Трое низко склонились над расшифрованными радиограммами.

«Начали рейд по намеченному маршруту. В первый же день с соответствующим огневым сопровождением посетили села Бобрицу, Загорье, Малютинку. Всюду были созваны митинги, провозглашены патриотические речи, розданы советские газеты и листовки. Первое впечатление: население сильно запугано и горячих встреч не устраивает, хотя на пожертвования не скупится. Выявить подпольщиков или партизанских пособников так нигде и не удалось. Поэтому посылаем списки бывших колхозных активистов, составленные прикомандированными к нам спецами…»

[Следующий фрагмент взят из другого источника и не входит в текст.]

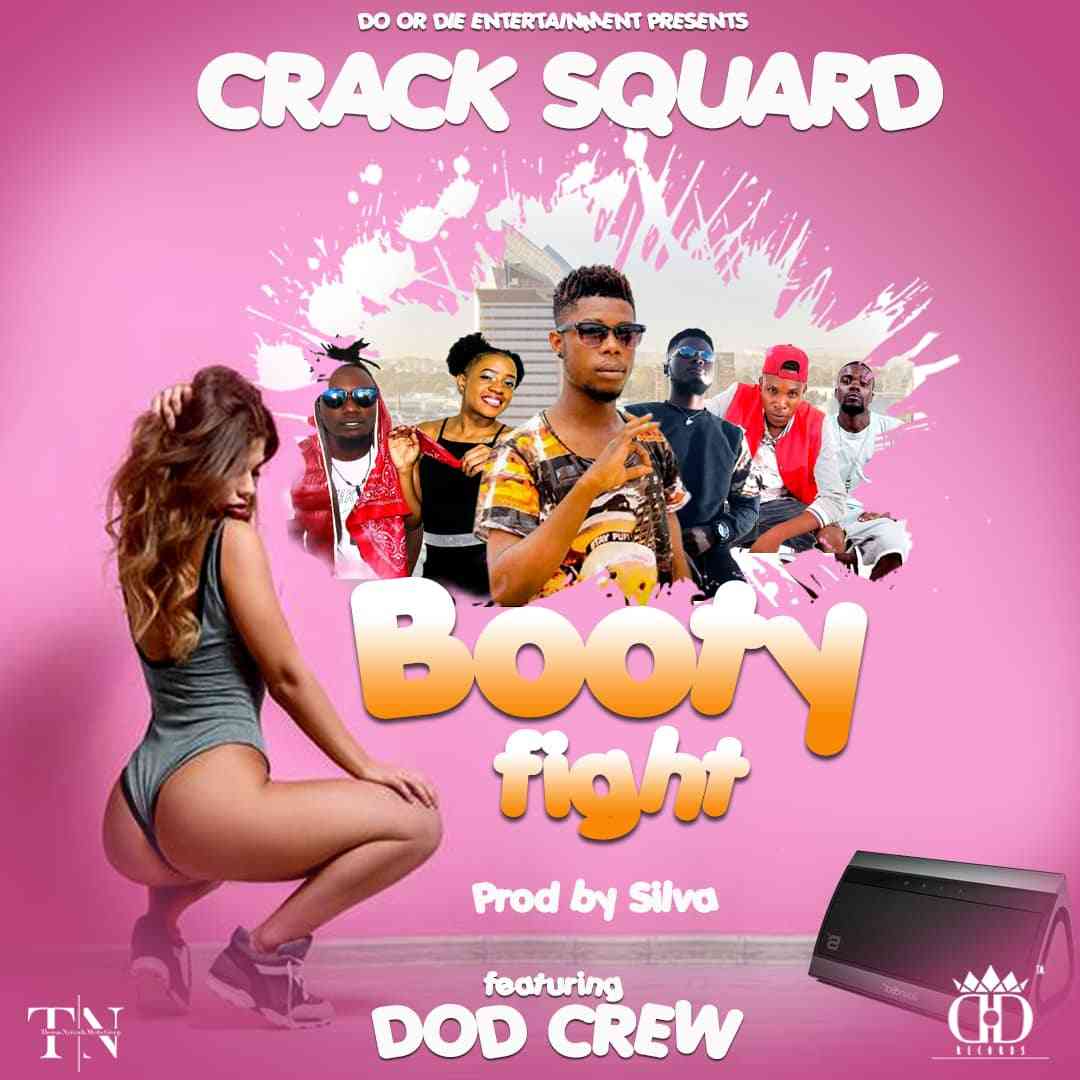 Crack Squad Ft Dod Crew Booty Fight Zambian Music Blog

«Рейдируем вдоль Ирпеня, против течения, вживаемся в роль разведчиков генерала Калашника. О нем здесь знают стар и млад. Особенно после недавней диверсии на железной дороге. И все же население относится к нам более чем сдержанно. Речи слушают, газеты берут, но… Наверное, лишь такими мерами нам не удастся завоевать благосклонности жителей. От нас явно ждут подвигов. Какие будут указания в этом отношении?

Списки вероятных партизанских пособников в селах Кожуховка, Даниловка, Липовый Скиток, Жерновка, Княжичи, Новоселки, Звонковое, Мостище, Леоновка передадим в следующий сеанс радиосвязи…»

«Воспользовавшись предоставленными правами, совершили налет на Вильшанку. Операция удалась на славу. На радостях пугачи устроили такой тарарам, что, как нам после рассказывали, полицаи разбежались кто куда даже в окрестных селах. И все же один вильшанский остолоп с перепугу не нашел ничего лучшего, как сдаться в плен. Чтобы не вызывать подозрения у населения, пришлось судить его миром. Толпа единодушно постановила «казнить этого палача», что мы и сделали, повесив дурака на крыльце сельской управы. О, какое впечатление это произвело на присутствующих! К нам валом повалили охочие вступить в армию генерала Калашника…»

— Так вот, значит, от чьих рук погибли Заграва и Маршуба… — стон вырвался из груди Артема.

— Не только они. Уверен, этот завал трупов в лесных дебрях, на который случайно наткнулись загравинцы, тоже дело рук презренных оборотней, — сказал комиссар Ляшенко.

— Это же сколько горя посеяли мерзавцы на нашей земле! Ведь им, как апостолам, верит простой люд, тянется с открытым сердцем, а они… Они — под нож все самое чистое и святое!